SOURCE - Abbé Ch. Héry - Le Mascaret - Novembre/décembre 2006

La multitude rassemblée par l’Institut du Bon Pasteur à la Mutualité, ce 20 novembre, autour de la Tradition catholique, notre bien commun, a manifesté l’enthousiasme et l’espérance que suscite l’actualité de l’Église. Quel chemin parcouru depuis ce jour où notre petite barque a été mise à flot, le 8 septembre dernier !… Un chemin qui n'a pas été facile, sous les projecteurs des médias et dans la ligne de mire de ceux qui focalisent sur une église bordelaise et sur une poignée de prêtres une émotion qui secoue, paraît-il, tous les catholiques français !
 
Ceux-ci pourtant, lorsqu’on les interroge, manifestent non point leur crainte ni leur émotion, mais leur désir que soit rendue libre la Messe traditionnelle. Ainsi, l’appel à voter du Figaro, le 10 novembre 2006, révèle que 73% des catholiques français souhaitent cette liberté. Ce chiffre écrasant confirme le sondage réalisé par CSA le 8 novembre, et publié par l’association Paix liturgique : sur un échantillon de 1007 sondés, 66% des catholiques se disent favorables à la libéralisation de la Messe traditionnelle. La discordance entre ce souhait massif des fidèles et certaines déclarations épiscopales est évidente.

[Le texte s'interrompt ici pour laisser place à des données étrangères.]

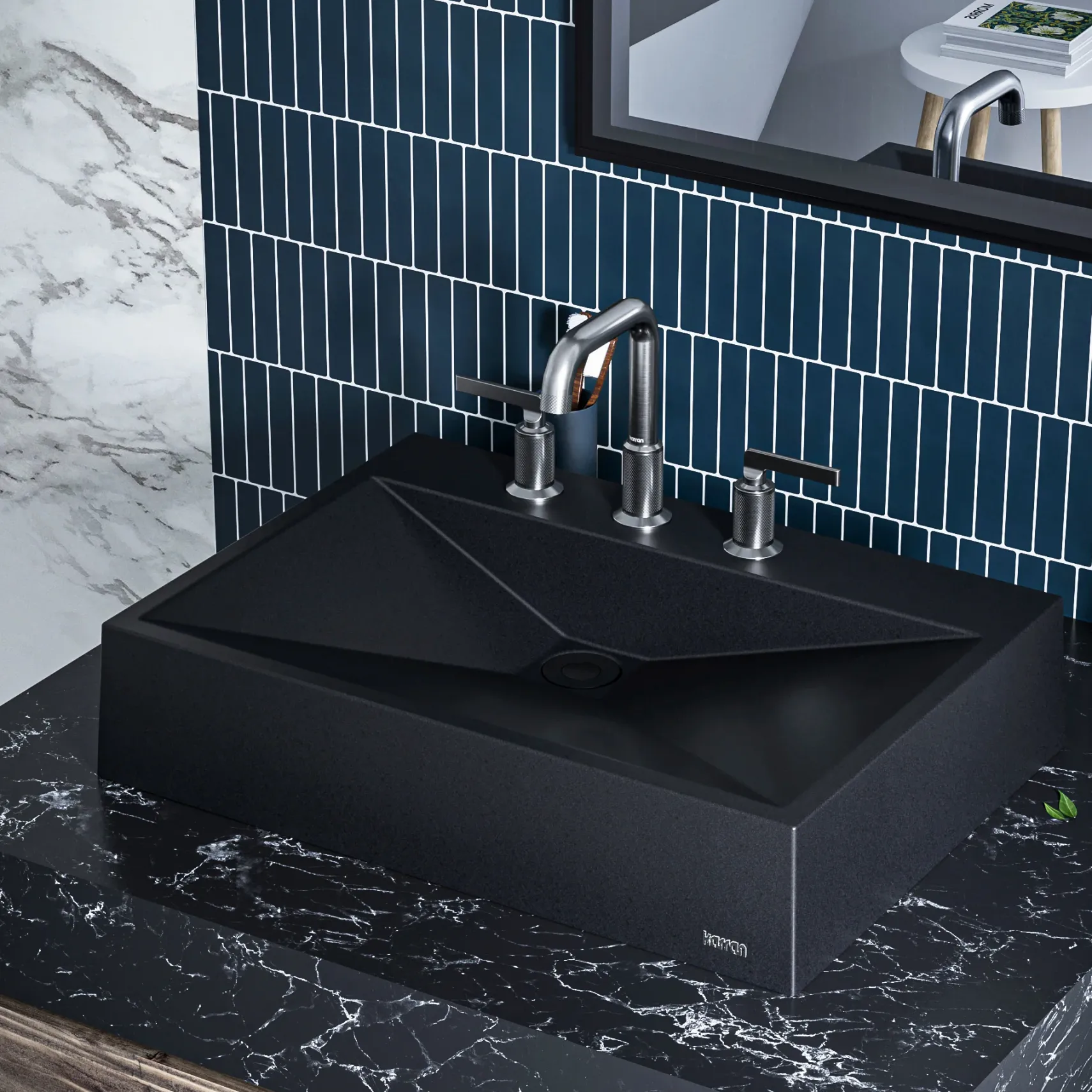 Karran Sternhagen Envy 24.25" x 17.5" Rectangular Vessel Quartz Composite ADA Bathroom Sink, Black, SQS100BL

Heureusement, le sens de Église et le souci de la communion, exprimés après moult débats par l’épiscopat réuni en assemblée à Lourdes, au début de novembre, contribuent à ouvrir une voie pour l’avenir, en union avec notre Pape Benoît XVI et sous la houlette du cardinal Jean-Pierre Ricard.
 
À cette assemblée de Lourdes 2006, les évêques français se sont préoccupés des « différences structurantes de la vie sociale. » Parler le langage de ceux dont on cherche à être compris requiert un léger effort. Il est permis, dans ce but, de soulever cette question : n’est-ce pas la Tradition qui devrait représenter désormais, sous l’impulsion du pape et de nos évêques, non plus une simple « différence », mais une richesse intrinsèque et « structurante de la vie ecclésiale » ?
La demande des évêques à lourdes
À Lourdes et par diverses déclarations, des évêques ont réclamé de l’Institut du Bon Pasteur des « signes de communion », voire « des gestes d’assentiment sans équivoque au concile Vatican II » (Message de l’Assemblée au Cal Ricard, 9.11.2006). D’aucuns nous ont presque attribué la promulgation à venir du Motu Proprio du Saint Père libéralisant la Messe grégorienne – comme si nous en étions les instigateurs, voire les auteurs ! Comme quoi, on ne prête qu’aux riches !…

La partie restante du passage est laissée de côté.